In Connection with the Exam
Questions will be answered here.
The order is not chronological. Instead, general questions regarding
the exam are listed first, and the rest are ordered according to
the sequence in which the topics are covered in the course.
- How much am I supposed to cover during the presentation?
- At the final lecture, I will give a sketch of how all
questions may be organized.
It is important to point out that the speed you use
at the exam should be much higher than the speed used at
the lectures.
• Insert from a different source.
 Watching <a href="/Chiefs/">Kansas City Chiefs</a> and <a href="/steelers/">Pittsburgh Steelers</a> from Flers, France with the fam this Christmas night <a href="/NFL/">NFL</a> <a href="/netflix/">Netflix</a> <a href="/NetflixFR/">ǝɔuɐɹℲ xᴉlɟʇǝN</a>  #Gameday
At the lectures, material is explained to
students who, except for preparation, do not know the
material in advance and should learn it.
At the exam, the material is presented to professionals
with the purpose of demonstrating hos much the student knows.
Choose interesting material, i.e., do not give too much of
an introduction and do not dwell on trivial special cases.
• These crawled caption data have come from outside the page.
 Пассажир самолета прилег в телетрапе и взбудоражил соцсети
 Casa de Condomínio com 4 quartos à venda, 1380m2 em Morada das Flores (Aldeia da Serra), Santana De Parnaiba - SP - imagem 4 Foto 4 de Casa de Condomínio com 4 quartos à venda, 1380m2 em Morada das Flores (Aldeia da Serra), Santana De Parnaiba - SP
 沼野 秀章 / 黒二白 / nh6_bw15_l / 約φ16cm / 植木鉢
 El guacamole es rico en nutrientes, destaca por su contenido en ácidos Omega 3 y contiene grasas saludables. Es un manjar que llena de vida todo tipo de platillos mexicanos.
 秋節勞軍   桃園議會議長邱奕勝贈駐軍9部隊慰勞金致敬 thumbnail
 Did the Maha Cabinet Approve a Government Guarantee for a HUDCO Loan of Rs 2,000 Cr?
- Is there any reason to prepare my own examples if you're giving the examples I should use anyway?
For the topic you draw, you get to give a presentation, and you can
(and I expect you to) use your own examples. After this part, when
I start asking questions to other topics in the curriculum, I will
provide examples to discuss when relevant.
- What does "top-down" and "bottom-up" mean?
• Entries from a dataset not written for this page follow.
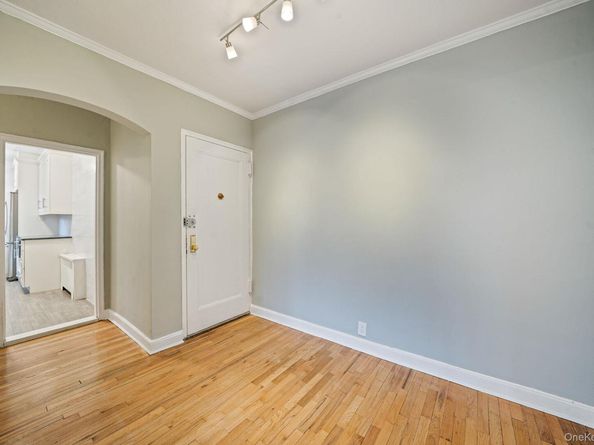 1 Town House Place 3H, Great Neck NY 11021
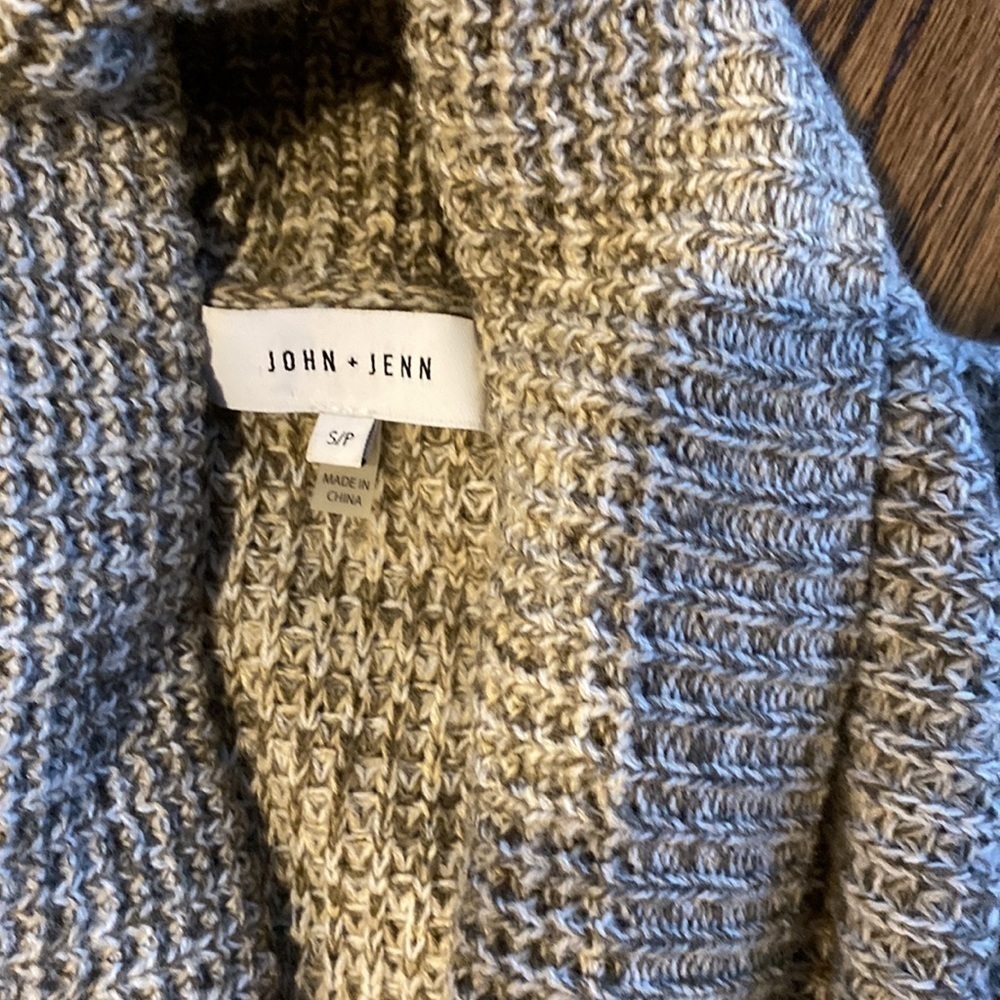 John and Jenn wrap sweater - Picture 2 of 5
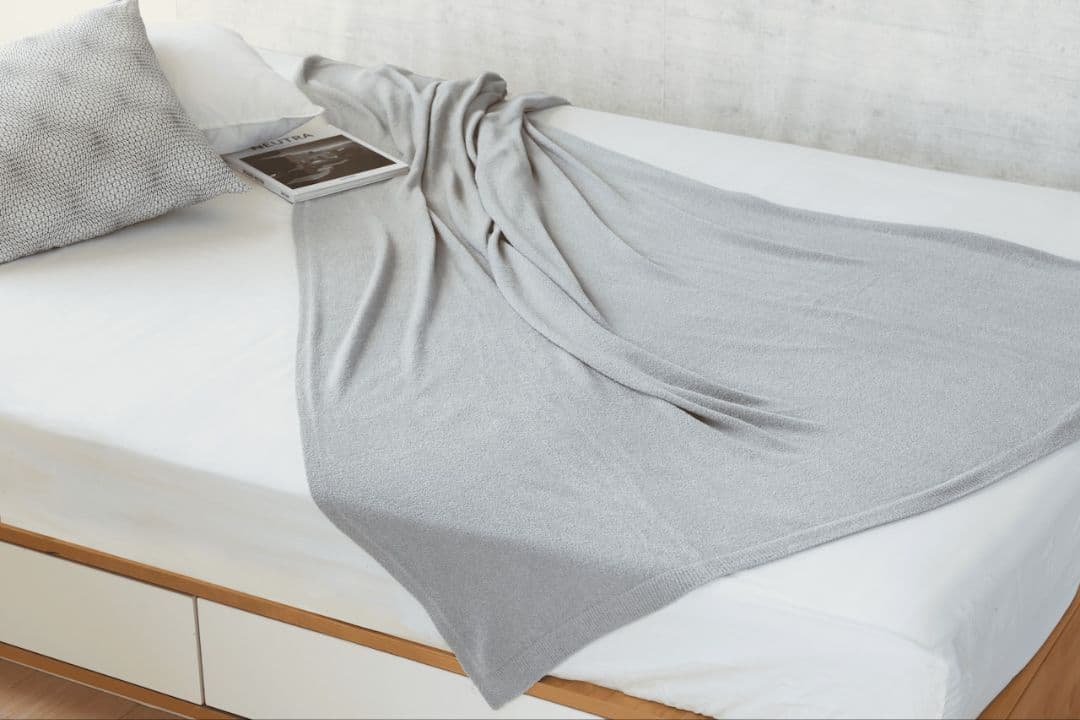 に*ん様 プウアボーテ　プレケット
- These are the traditional terms for two different parsing techniques.
They refer to the way in which the parser tree is built during the
parsing of the input string.
I have used these terms in the lectures, but the book has
chosen other ways of naming the techniques.
In the book, the corresponding terms are
"predictive" (Section 3.2) and "LR" (Section 3.3).
For "top-down", I'm particularly interested in hearing about LL(1)
and for "bottom-up", the interesting topic is LR(1).
Don't waste time on explaining LR(0) or SLR, but note that some definitions
and algorithms of relevance to LR(1) are given in those sections.
- Is it correct, as the book indicates, that recursive descent is
the same as predictive parsing?
- As it often happens, different authors do not agree how to use the
terms, and when they start involving the concept of backtracking as
well, it becomes even less clear. If one allows full backtracking,
then algorithms turn into exhaustive search and it does not make sense
to call them anything else at that point.
So, let us assume that there is no backtracking.
Then the recursive descent approach is just one way to implement a
predictive parser. It is the term for the approach where one writes
mutually recursive functions, one function for each nonterminal,
and a number of cases in each function equal to the number of different
rules with the given nonterminal as the left side of the rule.
Another way of implementing predictive parsing without using recursive descent
would be to use a parser table.
- When you run Algorithm 3.13 on an example, you sometimes get
sequences like Y2, ..., Y1?
- This is standard mathematical notation. If you consider a
sequence Y1, ..., Yk and look at some
example subsequences, then Yi, ..., Yj is
Yi, Yi+1, if j = i+1.
Yi, if j = i.
the empty sequence, if j = i-1. This includes the case where k=0.
- I think that the book's coverage of code generation is very
different from your coverage at the lectures!
- Yes, the approach is somewhat different.
For the oral exam, my recommendation is that you use
Supplementary Notes for DM546
as your starting point; see also my explanations in connection
with the curriculum.
- What can you talk about with respect to optimization?
- The purpose of optimization and the different forms of
optimization is a good starting point.
Peep-hole optimization ought to be covered, including
termination of the process (termination function); it could
be an advantage to demonstrate this termination argument
on an interesting example, i.e., an example which among other things
contain patterns that actually increase the size of the code;
see Supplementary Notes for DM546.
It is also fine to give a brief account of the register allocation
problem at the end, even though this is a question in its own right.